- [Required action]: The goal is a clean copy of all the data below, with pictures dropped and everything else retyped exactly.

- [Source material]:
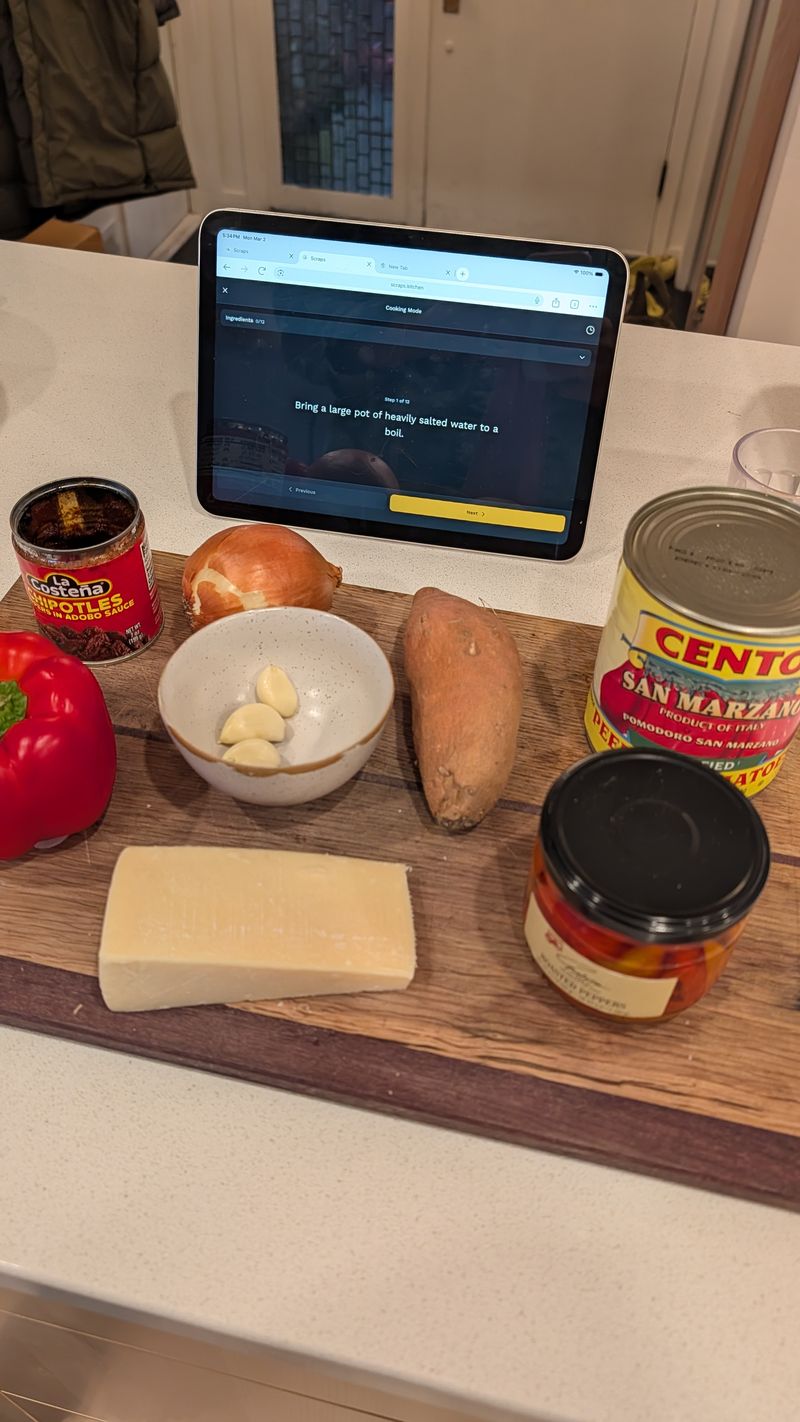 Scraps cooking mode on iPad with ingredients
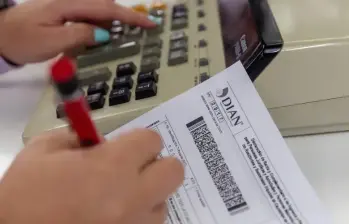 Más allá de ser una herramienta de consulta para los ciudadanos, la información exógena es un insumo fundamental para la labor de fiscalización de la Dian. FOTO: Camilo Suárez.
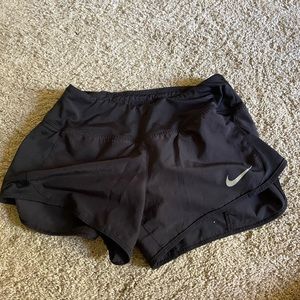 Nike shorts black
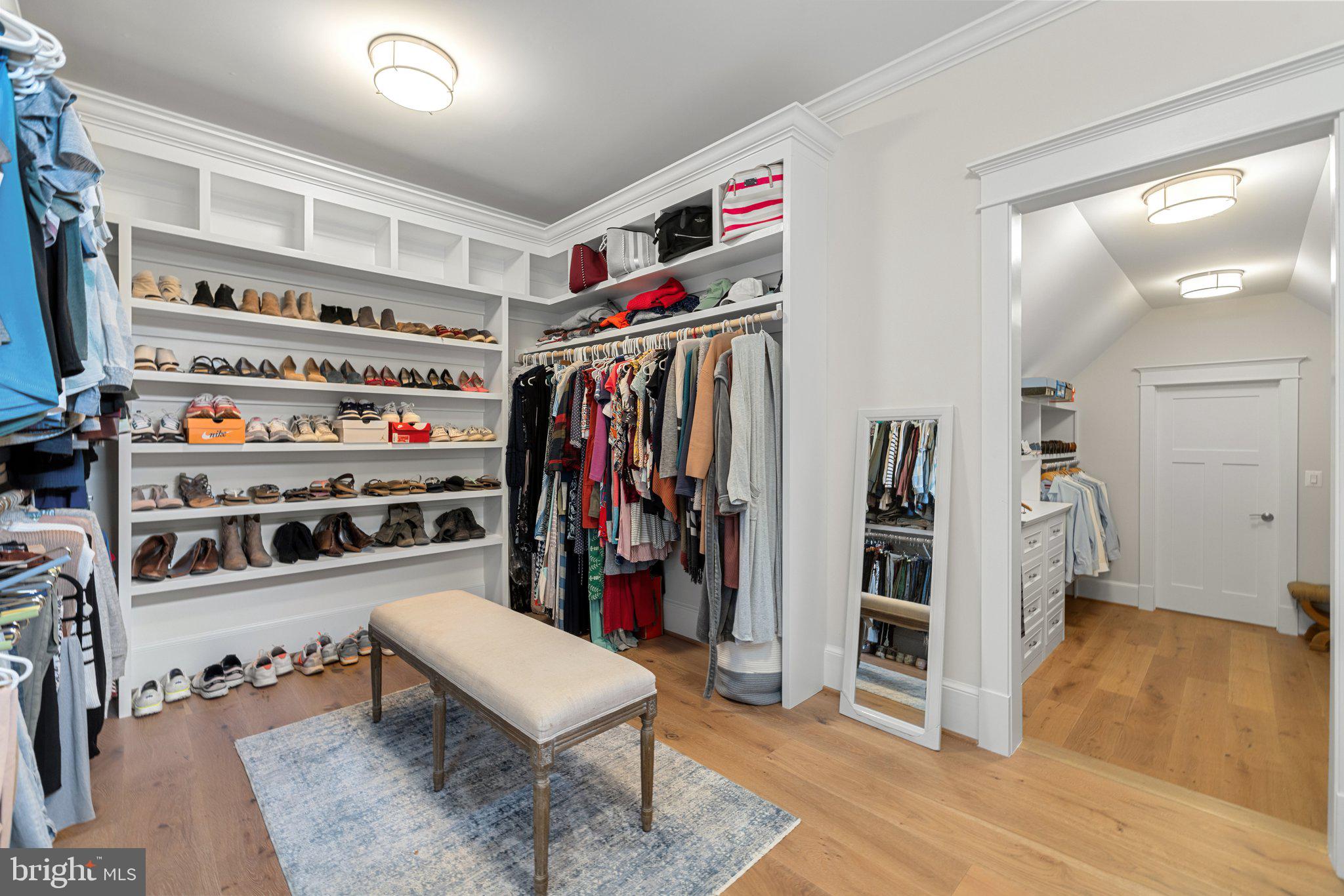 WESTBRIAR COUNTRY CLUB MANOR - Residential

- [Answer for this exercise]:
 Scraps cooking mode on iPad with ingredients
 Más allá de ser una herramienta de consulta para los ciudadanos, la información exógena es un insumo fundamental para la labor de fiscalización de la Dian. FOTO: Camilo Suárez.
 Nike shorts black
 WESTBRIAR COUNTRY CLUB MANOR - Residential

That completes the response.